Most importantly, mempool allows to allocate memory for a small object. This allocation is the most frequent in tarantool. Memory piece is being given solely based on the provided mempool. The first problem is to find a suitable slab:

If there is an appropriate slab, already acquired from slab cache and located at hot_slabs, where slabs with free space are stored, it will be used.

Otherwise, we try to get totally empy spare slab, which was put there during mslab_free. mslab_free doesn’t necessarily return slab to slab_cache: if there’s no spare object during freeing, it’s saved there to avoid oscillation. See mslab_free.

In case there are no such slabs, we will try to perform possibly heavier operation, trying to get a slab from the slab cache through its slab_get_with_order method.

As the last resort we are trying to get a cold slab, the type of slab which is mostly filled, but has one freed block.
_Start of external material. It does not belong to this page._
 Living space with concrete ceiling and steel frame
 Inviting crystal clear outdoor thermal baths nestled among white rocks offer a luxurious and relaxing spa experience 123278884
This slab is being added to hot list, and then, finally, we are acquiring direct pointer through mslab_alloc, using mslab offset, shifting as we allocate new pieces.

/* lib/small/small/mempool.c */
void *
mempool_alloc(struct mempool *pool)
{
    struct mslab *slab = pool->first_hot_slab;
    if (slab == NULL) {
        if (pool->spare) {
            slab = pool->spare;
            pool->spare = NULL;

        } else if ((slab = (struct mslab *)
                slab_get_with_order(pool->cache,
                        pool->slab_order))) {
            mslab_create(slab, pool);
            slab_list_add(&pool->slabs, &slab->slab, next_in_list);
        } else if (! rlist_empty(&pool->cold_slabs)) {
            slab = rlist_shift_entry(&pool->cold_slabs, struct mslab,
                         next_in_cold);
        } else {
            return NULL;
        }
        assert(slab->in_hot_slabs == false);
        mslab_tree_insert(&pool->hot_slabs, slab);
        slab->in_hot_slabs = true;
        pool->first_hot_slab = slab;
    }
    pool->slabs.stats.used += pool->objsize;
    void *ptr = mslab_alloc(pool, slab);
    assert(ptr != NULL);
    VALGRIND_MALLOCLIKE_BLOCK(ptr, pool->objsize, 0, 0);
    return ptr;
}

void *
mslab_alloc(struct mempool *pool, struct mslab *slab)
{
    assert(slab->nfree);
    void *result;
    if (slab->free_list) {
        /* Recycle an object from the garbage pool. */
        result = slab->free_list;
        /*
         * In case when pool objsize is not aligned sizeof(intptr_t)
         * boundary we can't use *(void **)slab->free_list construction,
         * because (void **)slab->free_list has not necessary aligment.
         * memcpy can work with misaligned address.
         */
        memcpy(&slab->free_list, (void **)slab->free_list,
               sizeof(void *));
    } else {
        /* Use an object from the "untouched" area of the slab. */
        result = (char *)slab + slab->free_offset;
        slab->free_offset += pool->objsize;
    }

    /* If the slab is full, remove it from the rb tree. */
    if (--slab->nfree == 0) {
        if (slab == pool->first_hot_slab) {
            pool->first_hot_slab = mslab_tree_next(&pool->hot_slabs,
                                   slab);
        }
        mslab_tree_remove(&pool->hot_slabs, slab);
        slab->in_hot_slabs = false;
    }
    return result;
}

There is a possibility to free memory from each allocated small object. Each mslab has free_list – list of emptied chunks. It is being updated according to the new emptied area pointer. Then we decide where to place processed mslab: it will be either hot one, cold one, or spare one, depending on the new free chunks amount.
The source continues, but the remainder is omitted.